Assim que colocou a mão sobre a maçaneta, lembrou-se de que acabara-se sua munição. A pistola sem balas era uma coisa inútil. Torcendo os lábios, resolveu ir até a cozinha da família Winner.
Pegaria uma faca, e acabaria com sua missão. Notara que Duo não ia bem. Ou seja: não poderia conseguir ajuda tão rápido assim, nem mesmo se esconder.
Satisfeita, pegou um enorme facão no amolador. A lâmina daquela arma afiada tinha bem uns 20 cm. Era larga e reluzia, mostrando que era novinha em folha.
- Perfeito.
E Relena sorriu, já antegozando o momento em que cravaria a afiada faca no coração daquele garoto, que a seus olhos era o Mal encarnado e camuflado numa beleza etérea, angelical.

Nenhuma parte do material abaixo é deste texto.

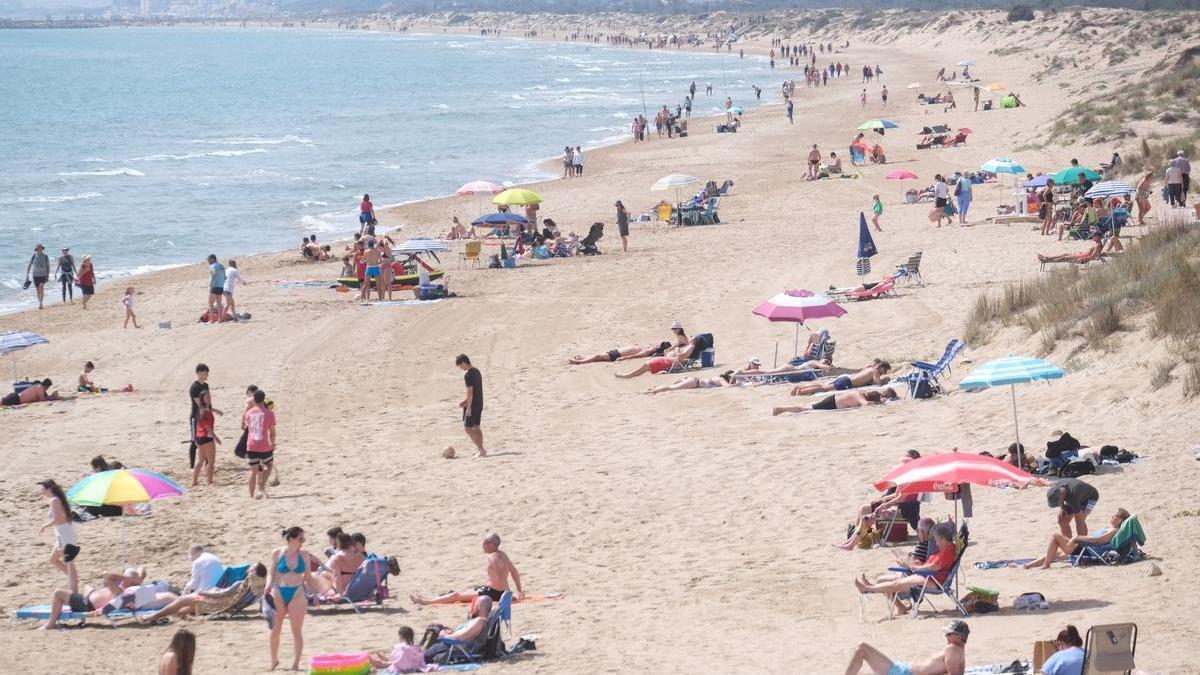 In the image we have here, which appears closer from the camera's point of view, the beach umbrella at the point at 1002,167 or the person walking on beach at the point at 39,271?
the person walking on beach at the point at 39,271

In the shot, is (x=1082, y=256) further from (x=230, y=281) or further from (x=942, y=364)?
(x=230, y=281)

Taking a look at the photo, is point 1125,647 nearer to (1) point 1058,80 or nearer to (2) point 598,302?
(2) point 598,302

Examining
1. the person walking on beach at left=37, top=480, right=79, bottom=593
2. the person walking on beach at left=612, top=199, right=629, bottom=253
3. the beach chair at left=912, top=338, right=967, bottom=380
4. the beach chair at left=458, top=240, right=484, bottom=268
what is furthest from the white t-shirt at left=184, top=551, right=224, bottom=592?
the person walking on beach at left=612, top=199, right=629, bottom=253

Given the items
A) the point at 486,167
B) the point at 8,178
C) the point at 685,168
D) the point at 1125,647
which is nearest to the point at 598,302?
the point at 1125,647

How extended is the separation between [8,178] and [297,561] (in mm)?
45311

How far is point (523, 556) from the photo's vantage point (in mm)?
12078

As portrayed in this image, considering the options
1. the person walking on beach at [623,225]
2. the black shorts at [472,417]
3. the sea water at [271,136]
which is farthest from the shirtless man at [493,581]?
the sea water at [271,136]

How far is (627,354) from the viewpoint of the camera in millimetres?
19188

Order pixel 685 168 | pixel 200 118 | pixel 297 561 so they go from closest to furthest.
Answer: pixel 297 561 < pixel 685 168 < pixel 200 118

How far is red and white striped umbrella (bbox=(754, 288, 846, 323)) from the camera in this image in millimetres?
16812

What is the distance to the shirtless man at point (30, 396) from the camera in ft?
60.1

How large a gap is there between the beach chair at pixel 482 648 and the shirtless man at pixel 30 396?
35.2ft

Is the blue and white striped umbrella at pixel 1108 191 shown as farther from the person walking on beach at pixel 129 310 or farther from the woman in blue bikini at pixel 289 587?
the woman in blue bikini at pixel 289 587

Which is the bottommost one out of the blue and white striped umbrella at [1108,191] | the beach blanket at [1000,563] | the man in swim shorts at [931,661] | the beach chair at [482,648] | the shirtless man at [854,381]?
the beach chair at [482,648] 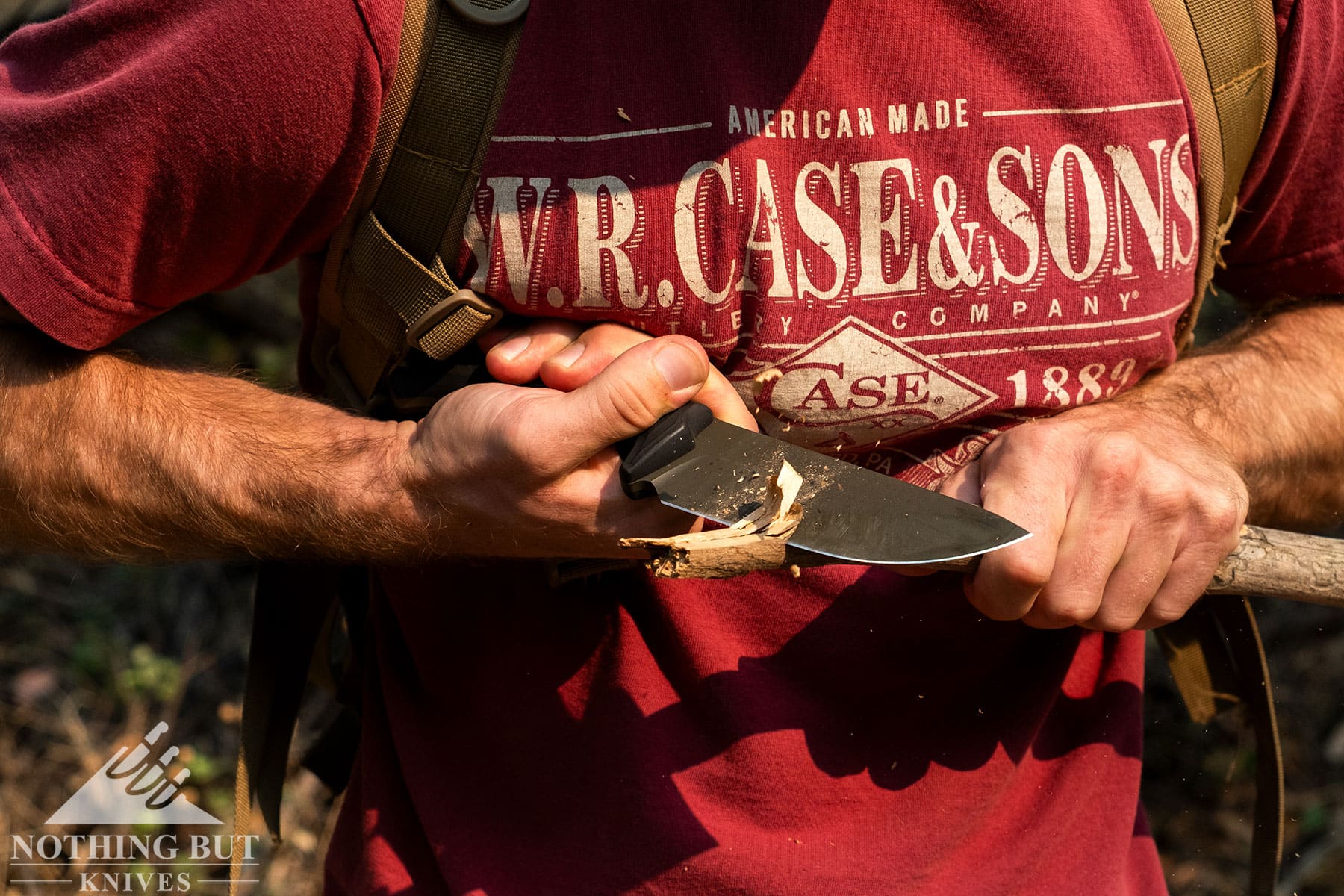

- E então... Heero será meu!
Seu coração psicótico acreditava piamente nisso.
oOo
-Heero!!
Trowa mal pôde acreditar em tamanha sorte. O embaixador japonês estava prestes a cometer o seppuku. O garoto de franja chegara no momento exato de impedir aquela loucura.
O japonês permanecia sentado a moda oriental, com o corpo muito ereto e tenso. A sua frente fora montado um pequeno altar, onde queimavam dois bastões de incenso. No meio dele estava uma magnífica e brilhante katana de cabo verde escuro. Heero trajava um kimono azul e marrom, com o emblema cinza do feudo Toranaga na manga direita.
Os braços permaneciam ao longo do corpo, com as palmas tocando o chão. A expressão era de profunda serenidade. Pelo que entendia da cultura oriental, mais especificadamente da japonesa, Trowa deduziu que Heero estava se preparando para morrer, acalmando seu espírito e seu corpo, para que a transição não influenciasse no karma em sua nova vida.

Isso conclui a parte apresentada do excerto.